E é claro que o primeiro título seria o tão aclamado A Culpa é das Estrelas, um dos maiores sucessos do autor e que foi lançado em 2012 pela Editora Intrínseca, este que marcou uma geração de jovens usuários do Tumblr.
"A culpa é das estrelas" narra o romance de dois adolescentes que se conhecem (e se apaixonam) em um Grupo de Apoio para Crianças com Câncer: Hazel, uma jovem de dezesseis anos que sobrevive graças a uma droga revolucionária que detém a metástase em seus pulmões, e Augustus Waters, de dezessete, ex-jogador de basquete que perdeu a perna para o osteosarcoma. Como Hazel, Gus é inteligente, tem ótimo senso de humor e gosta de brincar com os clichês do mundo do câncer - a principal arma dos dois para enfrentar a doença que lentamente drena a vida das pessoas. Inspirador, corajoso, irreverente e brutal, A culpa é das estrelas é a obra mais ambiciosa e emocionante de John Green, sobre a alegria e a tragédia que é viver e amar.

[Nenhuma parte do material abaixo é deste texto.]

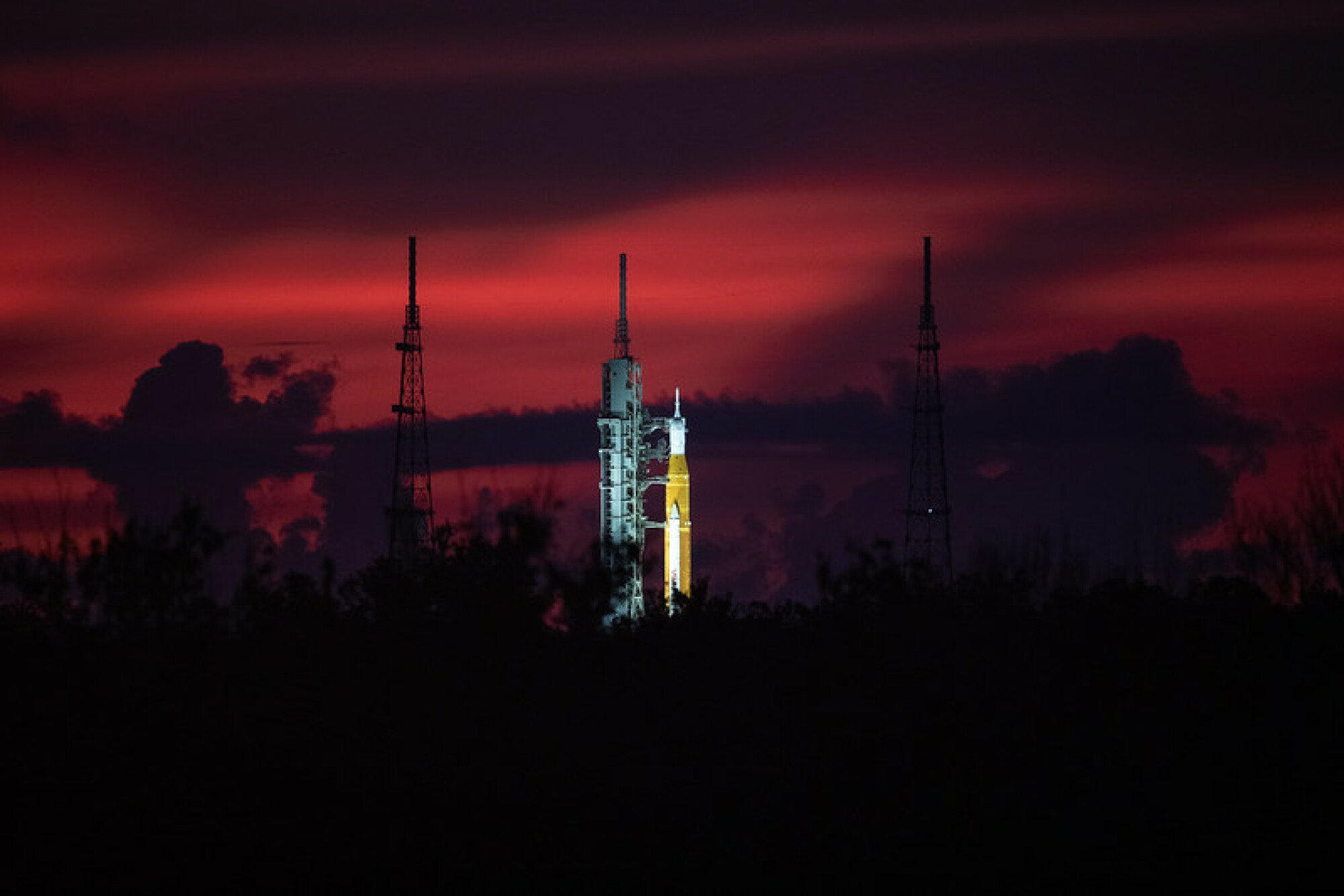 NASA mega moon rocket sitting at launchpad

Hazel e Augustus se conhecem em pontos muito extremos de suas vidas: Hazel está tentando sobreviver até chegar o dado dia de sua morte e Augustus Waters está, como ele mesmo diz, em uma montanha russa que só vai para cima! Seu câncer se estabilizou (com uma perna amputada) e agora tenta passar sua positividade para seu melhor amigo, Isaac que ficará cego. O principal ponto da primeira parte do livro é: cada um vê seu câncer de um jeito, tal como diria Hazel, como sua doença de estimação.
Muitos leitores dão Hazel Grace como uma personagem chata e rabugenta, mas a verdade é que ela é só mais uma pessoa que cresceu como vítima do câncer, a altura do tempo que o livro se passa, ela já está conformada com a doença e sua falta de cura, então não esconde seu sarcasmo e muito menos seus comentários mórbidos sobre o câncer, porque ela como uma criança portadora da doença pode fazer isso (como privilégio do câncer).
"Vai chegar um dia em que todos nós vamos estar mortos. Todos nós. Vai chegar um dia em que não vai sobrar nenhum ser humano sequer para lembrar que alguém já existiu ou que nossa espécie fez qualquer coisa nesse mundo. Não vai sobrar ninguém para se lembrar de Aristóteles ou de Cleópatra, quanto mais de você. Tudo que fizemos, construímos, escrevemos pensamos e descobrimos vai ser esquecido e tudo isso aqui vai ter sido inútil. Pode ser que esse dia chegue logo ou pode ser que demore milhões de anos, mas, mesmo que o mundo sobrevive a uma explosão do Sol, não vamos viver para sempre. Houve um tempo antes do surgimento da consciência nos organismos vivos e vai haver outro depois."
Mas como um homem romance, Augustus dá uma nova perspectiva de vida para a Hazel. A garota tem como livro favorito "Uma Aflição Imperial" um livro (ora, ora!) Sobre câncer e Gus, na tentativa de um flerte, lê a obre e se indigna sobre como Hazel leu um livro-enigma a vida toda e nunca saiu em busca de respostas! Como eu disse: cada uma aceita a doença terminal de uma maneira.
Em busca dessas respostas, eles acabam entendendo mais sobre câncer do que com o livro, mais aí está a mensagem do livro inteiro: a culpa não é deles, não é do autor, da medicina e nem mesmo da doença. São coisas que não se prevê e nem se remediam, é uma falha de universo… É culpa das estrelas.